Every householder knows that to get out of debt you need to spend less, earn more or do a bit of both. To grow your business you need capital and investment. The Project Merlin agreement with the big retail banks was supposed to wave a magic wand over bank borrowing and ensure lots of lending to small- and medium-sized business and curb the size of bonuses and executive pay. It has not been successful on either front. Such lending fell in every quarter of 2011. Small businesses say that they don’t trust the banks and fear that they will demand it all back if it rains.

If you can’t get a loan try for capital investment and get a spot on ‘Dragons’ Den’. Or go to one of the clubs where these business angels hang out. It is suggested that there are 4000-6000 angel investors in the UK. Alternatively, go to a private equity or venture capital firm but that market has been in serious decline and they have less to lend.

Perhaps the most famous private equity fund in the UK is 3i. This fund was originally set up in 1945 by the Bank of England and the major British banks with the long-term aim of providing funding for small- and medium-sized enterprises. At one time it was the largest provider of growth capital for unquoted companies in the UK. It became known as Investors In Industry hence the name 3i.

The rationale behind it was ‘that smaller businesses faced a gap in available corporate finance due to banks being unwilling to provide long-term capital and the companies being too small to raise capital from the public markets’. In 1987 the banks sold off their shares and in 1994 it was floated on the London Stock Exchange. Nowadays it has an international, not just a British, focus. But once upon a time almost every growing British business would have the words 3i written into its corporate history.

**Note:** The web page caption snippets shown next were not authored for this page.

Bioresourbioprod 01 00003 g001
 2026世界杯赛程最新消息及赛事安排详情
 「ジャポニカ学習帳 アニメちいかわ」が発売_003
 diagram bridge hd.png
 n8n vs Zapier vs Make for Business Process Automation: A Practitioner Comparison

If can’t get a bank loan, you can’t get on Dragons’ Den or get venture capital what can you do? Find a new way by using the internet and getting lots of individual investors to contribute this is called ‘crowdfinancing’. Some films and rocks groups have done this. In 1999 the Professional Contractors Group was created online raising £100,000. In the United States, kickstarter.com has crowd-funded a diverse array of arts projects and hopes to soon provide more funding than their equivalent of the Arts Council. In November 2011 the US Congress passed a crowd-funding bill which has removed a great deal of financial regulation around share-ownership.

But if you speak to investors and advisers in Britain it is a different story. They complain that European legislation such as the ‘prospectus directive’ is too heavy with regulation and too great a bias towards consumer protection than to the ability to raise capital. As a result the number of IPOs (initial public offering – when shares are sold for the first time on the stock exchange) have declined partly because of such compliance and legal costs. It is not worth listing on the AIM market for under £50m. This where what is known as the ‘equity gap’ opens up in the UK. Using noted sources up to £10m can be raised. But how to jump from £10m to £50m? It is beyond crowdfunding and dragons. It is broken funding escalator. Some suggest it is the reason why no Facebooks or Googles have emerged in the UK.

There is also an anomaly that smaller investors know that spread-betting is tax-free but if you buy shares on the AIM market you have to pay as stamp duty. It doesn’t seem to be right, that investment is taxed but speculation isn’t.

For Britain to develop and become prosperous again we need to fix these broken escalators and learn from the past and innovate for the future. Instead of giving risk-adverse banks cheap credit, a state sponsored-style 3i or sovereign wealth fund is what is needed.

The use of the internet to democratise growth through schemes such as crowd-financing would be a plus. If I saw a local firm that is prospering and in need of funds, how easy is it for me at present to take out a small investment with them? At present, not very. We have community credit unions – perhaps we should have new media driven ‘crowd-financed’ community credit investment unions to allow us do this. It is time to innovate.